BEGIN PROVIDED DATA

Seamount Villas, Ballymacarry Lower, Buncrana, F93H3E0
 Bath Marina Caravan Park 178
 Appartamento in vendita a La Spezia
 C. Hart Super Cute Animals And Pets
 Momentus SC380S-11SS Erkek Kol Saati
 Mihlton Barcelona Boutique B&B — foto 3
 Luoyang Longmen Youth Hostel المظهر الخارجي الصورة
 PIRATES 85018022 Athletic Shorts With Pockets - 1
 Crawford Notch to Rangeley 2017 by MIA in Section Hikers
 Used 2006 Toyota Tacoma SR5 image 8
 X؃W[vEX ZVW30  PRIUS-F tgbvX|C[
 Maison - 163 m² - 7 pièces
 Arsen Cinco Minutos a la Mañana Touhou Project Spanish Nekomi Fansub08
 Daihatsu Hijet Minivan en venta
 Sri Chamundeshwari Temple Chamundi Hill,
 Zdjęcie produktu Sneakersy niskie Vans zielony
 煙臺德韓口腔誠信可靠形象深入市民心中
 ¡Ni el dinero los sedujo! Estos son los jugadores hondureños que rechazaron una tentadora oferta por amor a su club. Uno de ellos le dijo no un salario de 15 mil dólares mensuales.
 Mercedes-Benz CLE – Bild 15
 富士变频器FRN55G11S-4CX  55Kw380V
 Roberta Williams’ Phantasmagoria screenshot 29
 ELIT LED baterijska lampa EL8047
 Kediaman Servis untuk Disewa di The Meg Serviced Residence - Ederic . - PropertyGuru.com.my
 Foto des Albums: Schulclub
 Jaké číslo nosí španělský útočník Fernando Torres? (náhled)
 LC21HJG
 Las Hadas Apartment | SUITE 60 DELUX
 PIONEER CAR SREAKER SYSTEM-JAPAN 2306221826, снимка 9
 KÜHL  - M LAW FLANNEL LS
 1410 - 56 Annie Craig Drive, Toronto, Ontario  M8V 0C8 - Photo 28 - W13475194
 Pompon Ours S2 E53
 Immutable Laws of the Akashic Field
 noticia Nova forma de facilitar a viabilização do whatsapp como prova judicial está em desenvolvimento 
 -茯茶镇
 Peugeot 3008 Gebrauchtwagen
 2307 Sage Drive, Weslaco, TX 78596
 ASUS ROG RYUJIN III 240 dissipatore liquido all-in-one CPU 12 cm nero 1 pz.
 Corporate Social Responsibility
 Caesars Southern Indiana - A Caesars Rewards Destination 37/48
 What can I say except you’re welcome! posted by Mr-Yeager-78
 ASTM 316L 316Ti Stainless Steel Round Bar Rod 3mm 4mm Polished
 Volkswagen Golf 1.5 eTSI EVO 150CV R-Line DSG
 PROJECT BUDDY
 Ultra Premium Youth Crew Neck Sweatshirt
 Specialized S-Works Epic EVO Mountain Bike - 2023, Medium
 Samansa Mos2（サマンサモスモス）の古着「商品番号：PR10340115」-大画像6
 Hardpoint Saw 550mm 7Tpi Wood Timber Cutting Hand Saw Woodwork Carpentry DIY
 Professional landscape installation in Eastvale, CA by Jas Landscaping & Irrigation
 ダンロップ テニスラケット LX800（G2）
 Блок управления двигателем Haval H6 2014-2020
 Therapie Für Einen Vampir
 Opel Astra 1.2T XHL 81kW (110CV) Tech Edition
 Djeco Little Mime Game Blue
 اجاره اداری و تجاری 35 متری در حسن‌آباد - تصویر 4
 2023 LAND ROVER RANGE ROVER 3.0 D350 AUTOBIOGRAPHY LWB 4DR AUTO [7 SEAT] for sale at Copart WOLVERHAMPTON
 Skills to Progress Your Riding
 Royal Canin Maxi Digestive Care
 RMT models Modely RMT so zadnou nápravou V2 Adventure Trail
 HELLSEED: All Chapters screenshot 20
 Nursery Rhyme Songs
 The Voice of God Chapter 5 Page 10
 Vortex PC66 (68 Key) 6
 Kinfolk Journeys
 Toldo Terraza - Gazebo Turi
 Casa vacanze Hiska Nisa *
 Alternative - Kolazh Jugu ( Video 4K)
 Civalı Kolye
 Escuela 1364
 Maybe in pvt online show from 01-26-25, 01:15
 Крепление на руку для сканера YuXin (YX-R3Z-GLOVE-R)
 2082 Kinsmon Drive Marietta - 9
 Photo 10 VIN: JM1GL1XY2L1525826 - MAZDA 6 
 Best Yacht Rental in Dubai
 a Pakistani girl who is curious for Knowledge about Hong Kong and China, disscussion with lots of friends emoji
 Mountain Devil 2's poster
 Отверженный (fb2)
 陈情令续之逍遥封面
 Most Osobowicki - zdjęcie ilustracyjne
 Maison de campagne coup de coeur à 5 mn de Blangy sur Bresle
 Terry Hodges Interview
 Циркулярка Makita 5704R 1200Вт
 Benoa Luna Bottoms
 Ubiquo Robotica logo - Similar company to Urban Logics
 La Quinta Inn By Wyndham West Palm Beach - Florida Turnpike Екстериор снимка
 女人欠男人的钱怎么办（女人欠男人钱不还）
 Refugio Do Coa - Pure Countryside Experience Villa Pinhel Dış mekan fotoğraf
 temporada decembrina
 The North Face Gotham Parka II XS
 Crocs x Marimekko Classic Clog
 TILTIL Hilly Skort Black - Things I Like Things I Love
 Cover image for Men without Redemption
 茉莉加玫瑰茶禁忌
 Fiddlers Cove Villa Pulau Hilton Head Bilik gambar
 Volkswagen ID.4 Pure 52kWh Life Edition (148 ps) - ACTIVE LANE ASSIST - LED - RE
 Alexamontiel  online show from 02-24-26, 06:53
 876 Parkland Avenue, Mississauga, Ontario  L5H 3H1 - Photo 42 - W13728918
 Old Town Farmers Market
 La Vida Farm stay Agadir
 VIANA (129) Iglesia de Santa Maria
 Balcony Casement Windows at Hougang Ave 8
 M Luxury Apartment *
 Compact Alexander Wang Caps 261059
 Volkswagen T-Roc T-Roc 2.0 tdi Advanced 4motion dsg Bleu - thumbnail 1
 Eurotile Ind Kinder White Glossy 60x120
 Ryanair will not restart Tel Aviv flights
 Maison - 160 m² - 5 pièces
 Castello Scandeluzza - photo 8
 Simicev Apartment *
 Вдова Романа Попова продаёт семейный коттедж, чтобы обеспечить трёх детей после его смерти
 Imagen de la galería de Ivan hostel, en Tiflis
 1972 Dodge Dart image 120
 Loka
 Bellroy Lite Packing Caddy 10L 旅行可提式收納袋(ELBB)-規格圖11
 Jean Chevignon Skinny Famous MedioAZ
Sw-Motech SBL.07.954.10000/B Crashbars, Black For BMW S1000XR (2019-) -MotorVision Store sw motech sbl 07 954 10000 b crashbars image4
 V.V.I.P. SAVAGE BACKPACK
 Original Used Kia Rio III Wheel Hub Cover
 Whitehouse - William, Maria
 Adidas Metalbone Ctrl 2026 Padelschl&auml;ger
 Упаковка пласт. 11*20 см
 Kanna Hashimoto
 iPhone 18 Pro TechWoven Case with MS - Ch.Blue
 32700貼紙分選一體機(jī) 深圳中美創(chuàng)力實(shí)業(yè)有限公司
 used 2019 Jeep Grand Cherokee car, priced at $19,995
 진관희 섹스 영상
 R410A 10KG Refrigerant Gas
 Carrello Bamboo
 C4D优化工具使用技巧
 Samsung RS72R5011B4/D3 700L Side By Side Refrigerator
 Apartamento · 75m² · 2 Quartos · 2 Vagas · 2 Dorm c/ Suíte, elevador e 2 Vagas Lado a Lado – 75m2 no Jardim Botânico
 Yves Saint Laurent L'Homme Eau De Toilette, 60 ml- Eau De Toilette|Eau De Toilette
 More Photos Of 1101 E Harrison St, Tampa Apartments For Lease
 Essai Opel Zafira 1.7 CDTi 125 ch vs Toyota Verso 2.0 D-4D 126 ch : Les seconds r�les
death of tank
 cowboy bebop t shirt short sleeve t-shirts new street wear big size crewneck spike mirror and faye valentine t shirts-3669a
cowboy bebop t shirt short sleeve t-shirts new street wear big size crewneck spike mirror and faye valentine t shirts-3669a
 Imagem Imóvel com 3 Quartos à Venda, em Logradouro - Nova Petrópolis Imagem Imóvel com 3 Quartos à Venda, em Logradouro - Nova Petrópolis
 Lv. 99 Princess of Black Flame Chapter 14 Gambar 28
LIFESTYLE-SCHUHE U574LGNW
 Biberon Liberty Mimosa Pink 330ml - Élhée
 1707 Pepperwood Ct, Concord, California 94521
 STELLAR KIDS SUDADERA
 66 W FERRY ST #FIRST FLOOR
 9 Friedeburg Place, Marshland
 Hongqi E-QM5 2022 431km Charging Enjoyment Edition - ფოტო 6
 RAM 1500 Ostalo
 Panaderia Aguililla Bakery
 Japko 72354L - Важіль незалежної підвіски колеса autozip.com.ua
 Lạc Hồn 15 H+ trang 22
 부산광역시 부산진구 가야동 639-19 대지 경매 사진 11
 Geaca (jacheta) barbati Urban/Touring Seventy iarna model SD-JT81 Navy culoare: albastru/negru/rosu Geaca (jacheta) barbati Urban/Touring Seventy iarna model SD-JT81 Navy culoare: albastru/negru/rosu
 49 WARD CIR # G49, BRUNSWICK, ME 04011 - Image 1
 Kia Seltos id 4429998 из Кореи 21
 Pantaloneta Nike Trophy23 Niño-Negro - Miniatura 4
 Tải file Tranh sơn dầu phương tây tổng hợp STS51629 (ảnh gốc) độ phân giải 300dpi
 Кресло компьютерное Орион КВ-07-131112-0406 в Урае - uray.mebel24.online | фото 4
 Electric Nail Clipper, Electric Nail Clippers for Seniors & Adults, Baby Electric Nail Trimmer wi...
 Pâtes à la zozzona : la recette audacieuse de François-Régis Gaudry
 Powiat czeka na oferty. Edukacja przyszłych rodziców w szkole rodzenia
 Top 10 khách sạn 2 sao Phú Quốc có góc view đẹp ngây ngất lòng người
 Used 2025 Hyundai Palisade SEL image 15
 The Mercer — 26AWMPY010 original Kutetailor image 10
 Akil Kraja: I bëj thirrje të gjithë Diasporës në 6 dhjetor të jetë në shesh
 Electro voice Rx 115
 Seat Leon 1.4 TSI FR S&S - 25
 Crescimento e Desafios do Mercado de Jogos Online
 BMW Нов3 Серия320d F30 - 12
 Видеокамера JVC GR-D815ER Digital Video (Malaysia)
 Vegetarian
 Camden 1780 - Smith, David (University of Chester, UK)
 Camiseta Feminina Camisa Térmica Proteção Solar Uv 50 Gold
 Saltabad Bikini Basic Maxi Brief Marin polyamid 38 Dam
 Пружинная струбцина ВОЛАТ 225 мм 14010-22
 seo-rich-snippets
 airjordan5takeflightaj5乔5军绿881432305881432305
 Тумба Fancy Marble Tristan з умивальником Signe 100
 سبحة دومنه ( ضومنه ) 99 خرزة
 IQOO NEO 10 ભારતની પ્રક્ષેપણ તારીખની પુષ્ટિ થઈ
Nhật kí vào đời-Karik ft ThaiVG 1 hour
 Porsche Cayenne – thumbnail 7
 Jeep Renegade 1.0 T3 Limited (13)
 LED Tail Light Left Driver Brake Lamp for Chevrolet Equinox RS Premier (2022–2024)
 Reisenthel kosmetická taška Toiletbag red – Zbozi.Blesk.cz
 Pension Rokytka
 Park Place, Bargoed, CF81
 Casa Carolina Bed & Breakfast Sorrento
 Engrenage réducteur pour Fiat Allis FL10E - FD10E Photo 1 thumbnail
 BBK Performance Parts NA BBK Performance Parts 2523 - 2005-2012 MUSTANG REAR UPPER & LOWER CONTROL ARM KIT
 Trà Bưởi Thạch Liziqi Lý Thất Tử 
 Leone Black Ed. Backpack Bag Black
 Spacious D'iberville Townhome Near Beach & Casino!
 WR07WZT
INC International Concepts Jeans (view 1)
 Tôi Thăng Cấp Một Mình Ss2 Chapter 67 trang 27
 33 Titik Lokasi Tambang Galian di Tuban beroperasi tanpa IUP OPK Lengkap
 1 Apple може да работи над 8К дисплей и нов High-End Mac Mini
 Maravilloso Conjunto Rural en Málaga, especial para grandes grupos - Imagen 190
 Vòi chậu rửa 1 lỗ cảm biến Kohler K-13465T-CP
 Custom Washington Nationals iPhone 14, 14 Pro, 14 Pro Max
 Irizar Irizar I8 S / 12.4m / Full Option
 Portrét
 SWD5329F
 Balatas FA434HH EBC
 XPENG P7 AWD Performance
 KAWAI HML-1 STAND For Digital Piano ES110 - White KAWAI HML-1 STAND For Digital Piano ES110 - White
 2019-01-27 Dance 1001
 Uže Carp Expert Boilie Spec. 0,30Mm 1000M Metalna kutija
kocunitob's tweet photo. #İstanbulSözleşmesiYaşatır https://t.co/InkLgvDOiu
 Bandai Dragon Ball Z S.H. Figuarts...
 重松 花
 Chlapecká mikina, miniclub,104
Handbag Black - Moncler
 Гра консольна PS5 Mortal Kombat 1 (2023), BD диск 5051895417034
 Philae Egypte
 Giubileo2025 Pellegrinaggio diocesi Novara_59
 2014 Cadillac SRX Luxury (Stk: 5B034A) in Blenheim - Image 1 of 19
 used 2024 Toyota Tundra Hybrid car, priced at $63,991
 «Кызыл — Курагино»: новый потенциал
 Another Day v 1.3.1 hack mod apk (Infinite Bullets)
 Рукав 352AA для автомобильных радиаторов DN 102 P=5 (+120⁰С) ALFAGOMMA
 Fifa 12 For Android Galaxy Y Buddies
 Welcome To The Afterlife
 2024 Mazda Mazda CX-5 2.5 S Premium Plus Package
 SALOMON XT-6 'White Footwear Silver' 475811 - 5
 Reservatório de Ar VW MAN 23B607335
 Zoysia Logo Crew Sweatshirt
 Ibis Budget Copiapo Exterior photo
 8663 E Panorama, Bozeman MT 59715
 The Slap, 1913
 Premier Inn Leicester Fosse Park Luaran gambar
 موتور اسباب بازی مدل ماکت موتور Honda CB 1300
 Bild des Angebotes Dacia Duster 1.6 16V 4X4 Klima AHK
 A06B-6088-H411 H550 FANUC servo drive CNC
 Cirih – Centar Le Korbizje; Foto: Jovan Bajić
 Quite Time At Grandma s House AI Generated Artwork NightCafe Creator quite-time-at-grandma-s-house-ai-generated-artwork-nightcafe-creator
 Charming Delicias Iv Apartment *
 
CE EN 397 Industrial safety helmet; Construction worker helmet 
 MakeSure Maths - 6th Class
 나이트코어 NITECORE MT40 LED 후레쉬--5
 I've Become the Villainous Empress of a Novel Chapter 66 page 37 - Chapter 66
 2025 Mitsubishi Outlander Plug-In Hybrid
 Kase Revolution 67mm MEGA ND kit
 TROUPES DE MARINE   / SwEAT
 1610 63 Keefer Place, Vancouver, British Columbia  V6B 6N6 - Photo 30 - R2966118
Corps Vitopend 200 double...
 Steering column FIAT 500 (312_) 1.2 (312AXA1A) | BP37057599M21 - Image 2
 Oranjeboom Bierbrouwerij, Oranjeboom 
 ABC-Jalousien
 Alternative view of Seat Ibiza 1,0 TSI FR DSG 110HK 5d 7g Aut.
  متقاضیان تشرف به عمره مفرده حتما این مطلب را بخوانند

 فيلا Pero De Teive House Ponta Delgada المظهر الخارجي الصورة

END PROVIDED DATA

Within the material, find all lines that hold the word "Casa" and show them.

 Casa vacanze Hiska Nisa *
 Casa Carolina Bed & Breakfast Sorrento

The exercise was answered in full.